- **YOUR INSTRUCTIONS**
Scan the data below for lines holding the word "Portrait", and copy each line found.

- **DATA TO EXAMINE**
================================
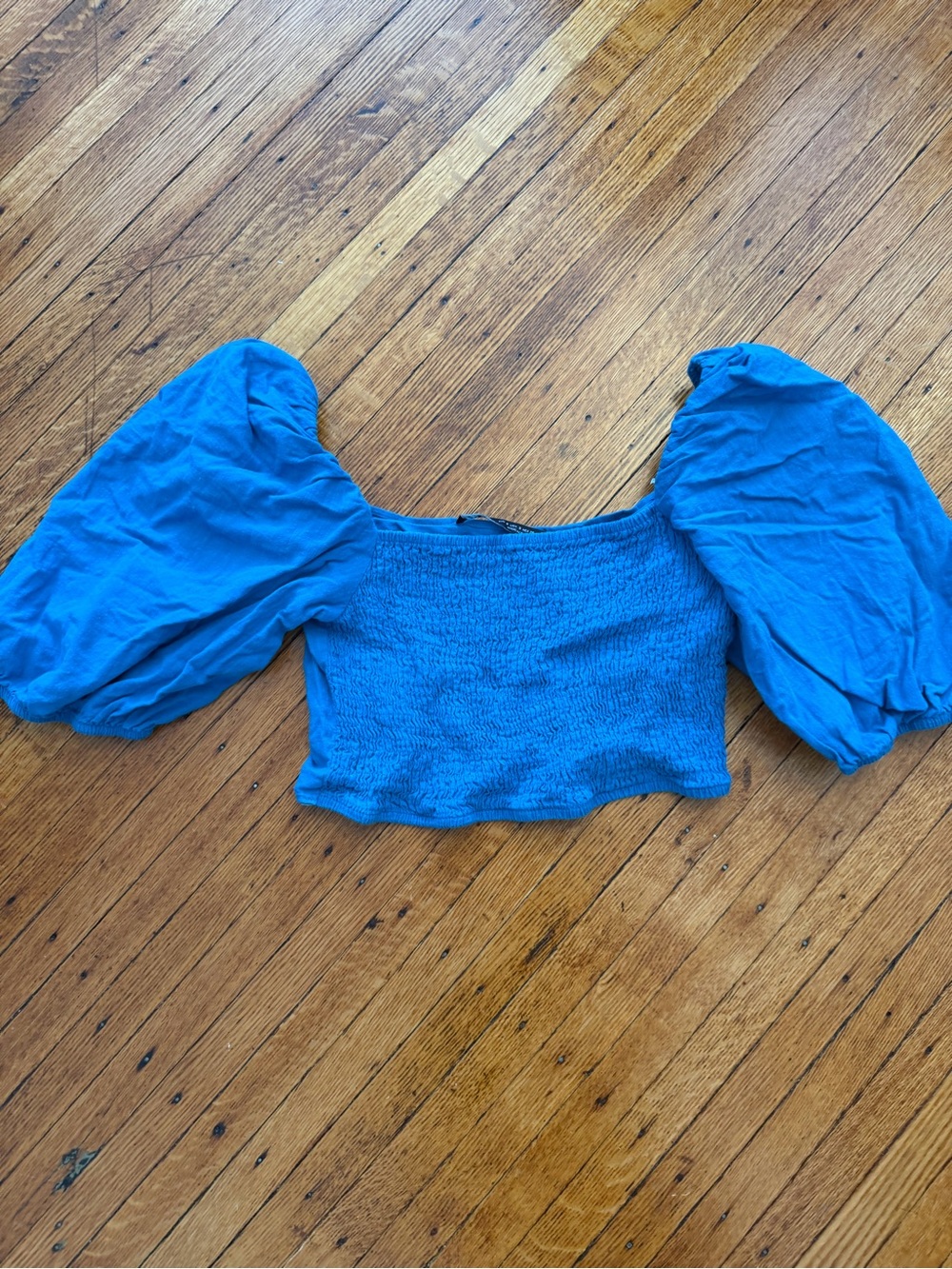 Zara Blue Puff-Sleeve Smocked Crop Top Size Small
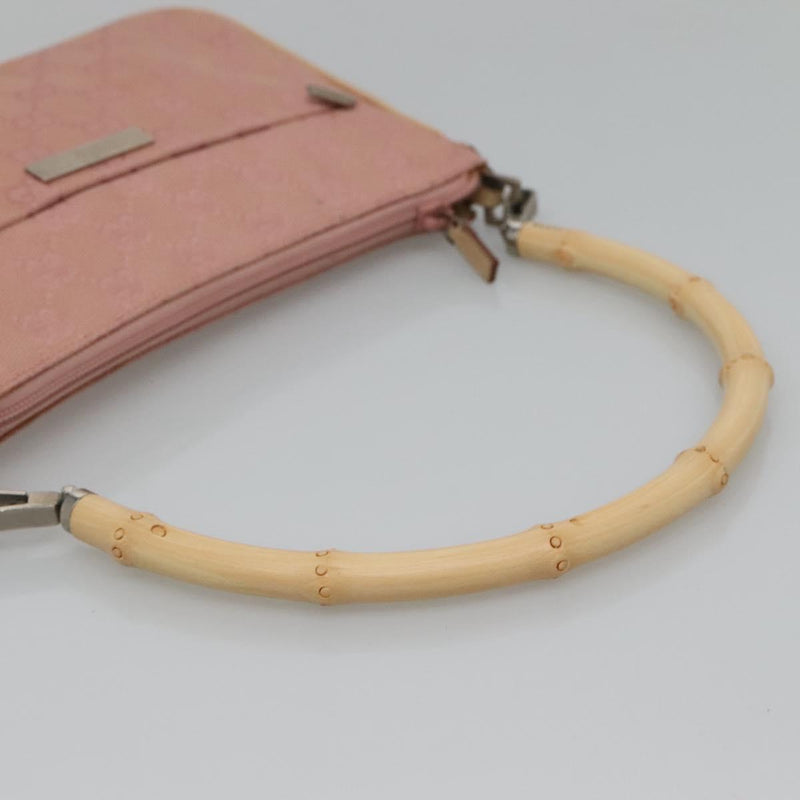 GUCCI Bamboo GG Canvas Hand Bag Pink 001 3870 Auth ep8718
================================
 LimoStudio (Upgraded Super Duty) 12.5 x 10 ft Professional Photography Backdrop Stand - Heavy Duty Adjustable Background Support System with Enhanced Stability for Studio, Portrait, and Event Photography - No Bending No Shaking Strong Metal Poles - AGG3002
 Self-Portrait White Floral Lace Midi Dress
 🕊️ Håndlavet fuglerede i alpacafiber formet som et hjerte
================================
- **RESULT OF THIS TASK**
 LimoStudio (Upgraded Super Duty) 12.5 x 10 ft Professional Photography Backdrop Stand - Heavy Duty Adjustable Background Support System with Enhanced Stability for Studio, Portrait, and Event Photography - No Bending No Shaking Strong Metal Poles - AGG3002
 Self-Portrait White Floral Lace Midi Dress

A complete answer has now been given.